東京ダービー2021(大井)の予想です。

東京ダービー2021の出走馬は、トランセンデンス、アランバローズ、チサット、ジョエル、トーセンクロードなど16頭。大井競馬場2000mで行われるSI戦です。このレースは勝負度C(自信度★★★☆☆ 妙味度★★★☆☆)を予定しています。悲願のダービー制覇がかかる的場文男騎手はトーセンマッシモとのコンビで挑みます。

※メルマガ読者の方は月曜日に配信した「先週の重賞回顧」内にパスワードが掲載されています。

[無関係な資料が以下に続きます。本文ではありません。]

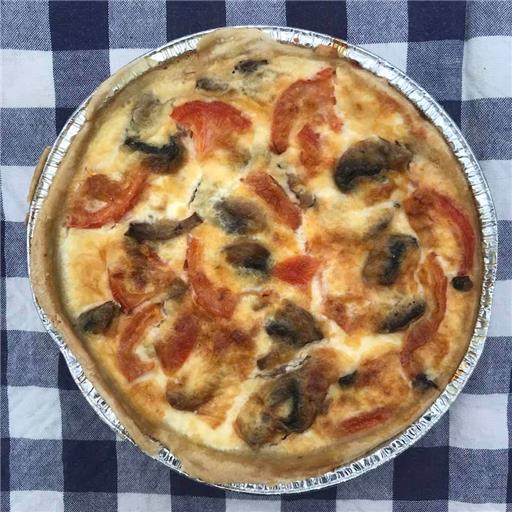 Cheese, tomato & mushroom quiche 8"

先週の安田記念は約7ヶ月ぶりの実戦だったダノンキングリーの勝利に驚きましたが、それ以上に驚かされたのは英オークスのディープインパクト産駒のスノーフォールの歴史的な圧勝劇。

◆英スオークス

かつてディープインパクト産駒のサクソンウォリアー(1番人気4着)が出走したダービーを現地で観戦し(参照:エプソム競馬場に英ダービーを観戦しに行ってきました!)、人工的に作られた競馬場と言うより、勾配のある“丘”に柵を設置しただけのエプソム競馬場は、ディープインパクト産駒に向かないコースだと確信しましたが、あれから3年、ディープインパクト産駒の牝馬が雨馬場のエプソム競馬場でオークスをぶっちぎりで勝利するとは、とても信じられません。2着馬に16馬身差は、242年のオークスの歴史の中でも最大着差というのもまさにDeep Impactですね。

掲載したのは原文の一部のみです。